The VIX curve has the potential to remain steep (in contango) as election related uncertainties may keep the long dated VIX curve elevated. The roll down may be highest in the very front contracts, but so is the risk. Figure 1 shows that long-dated VIX contracts have significantly lower beta to VIX, albeit with much lower roll down. The risk-reward trade-off between beta and roll yield indicates the optimal point continues to be the 3rd VIX contract.


Figure 1: VIX Term Structure vs. Beta to VIX
1
Source: Bloomberg, Simplify Asset Management
 
 
The recent increase in VIX Spot has slightly elevated the cost of SPX downside protection, but with VIX still well below its historical average, we continue to see the cheapest put-based insurance costs of the last five years (Figure 2).

 
Figure 2: Cost of 1-Month SPX Put Protection at 100% Notional (LHS) vs. VIX (RHS)
2-2
Source: Bloomberg, Simplify Asset Management

However, it is important to note that realized volatilities have been increasing since the start of the year, despite a nearly 5% rally in the equity market. As we can see in Figure 3 below, 1m Realized Volatility (dashed grey line) collapsed upon the fast recovery of Q4 2023, but it has been going up steadily ever since. This also means that the spread between Implied and Realized Volatility is shrinking as the equity market realizes future volatility expectations.

 
Figure 3: SPX 1m ATM IV and Realized Past/Forward Volatility in the Context of the Recent SPX Rally
3-3
Source: Bloomberg, Simplify Asset Management
We can now try to put this into the context of option premia. Figure 3 also shows the 1m Forward Realized Volatility (solid grey line), which we can compare with the 1m ATM Implied Volatility (solid yellow line) to assess whether options have been priced “fairly” over this period in terms of volatility.

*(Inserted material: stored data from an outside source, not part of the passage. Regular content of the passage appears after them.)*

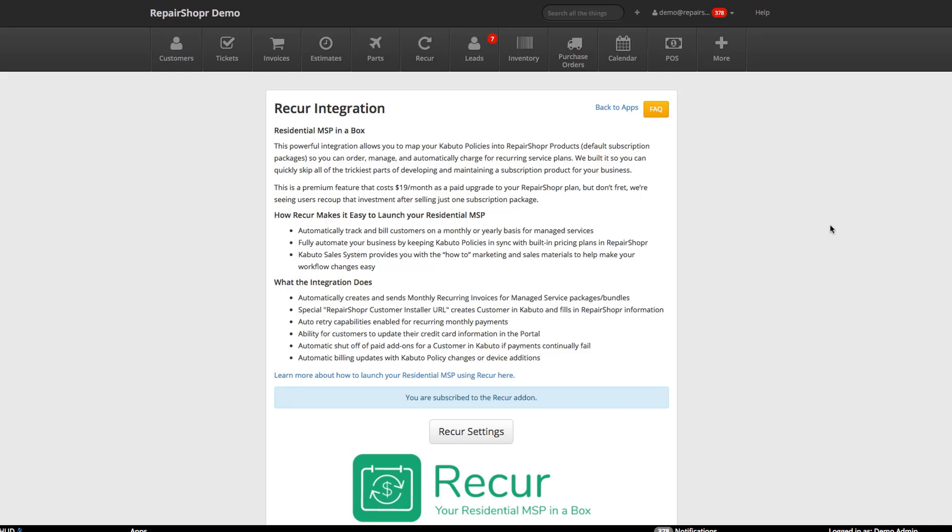Hello, this is Troy from Repair Shopper and today I want to tell you about the all-new integration between Repair Shopper and Kabuto called Recur. Recur will unlock your ability to launch the residential MSP side of your business so you can grow a reliable stream of recurring income.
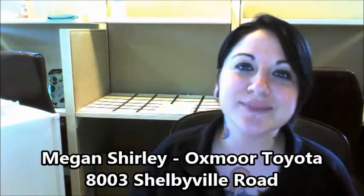Hey Patricia! It's Megan with Oxmoor Toyota. I just wanted to send this quick video greeting just to personally introduce myself.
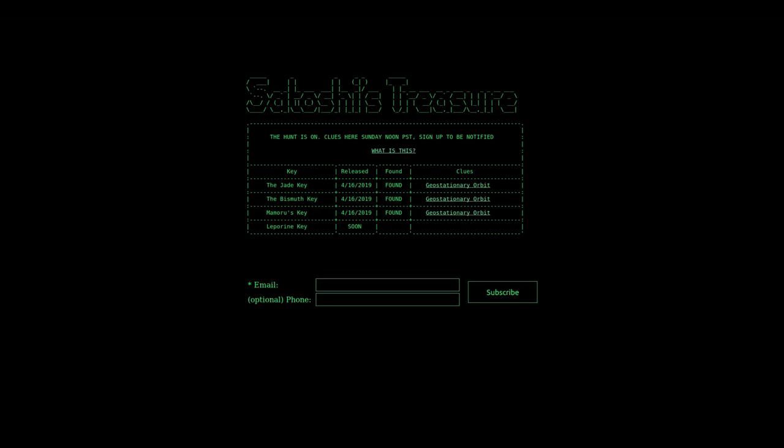It's April 20th, 2019, and the hunt for Satoshi's treasure has just gotten started. As far as we know, only the first three keys have been found.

As we can see, implied volatilities stayed above forward volatility up until January 2024, where the relationship seems to have started to reverse. To get a more intuitive view of the impact of this shift on equity option premia, Figure 4 shows the theoretical cost of puts using the two different volatility measures. Here we see that for most of this period puts have been priced higher than their theoretical value at future realized volatility (which is normally the case with SPX options due to the overall downside risk bias in the broad equity market, among other factors), but this trend has changed in the recent months indicating similar levels of volatility risk being factored into the premium.

 
Figure 4: Theoretical Cost of 1-Month SPX Put Protection at 100% Notional  Using Implied Volatility vs. Forward Realized Volatility
4-3
Source: Bloomberg, Simplify Asset Management
 

Glossary:


Contango: A situation where the futures price of an asset is higher than the spot price. This results in an upward-sloping forward curve.

Option: An option is a contract that gives the buyer the right to either buy (in the case of a call option) or sell (in the case of a put option) an underlying asset at a pre-determined price ("strike") by a specific date ("expiry"). An "outright" is another name for a single option leg. A "spread" is when options are bought at one strike and an equal amount of options are sold at a different strike, all at the same expiry.

VIX Index: A real-time market index representing the market's expectations for volatility over the coming 30 days.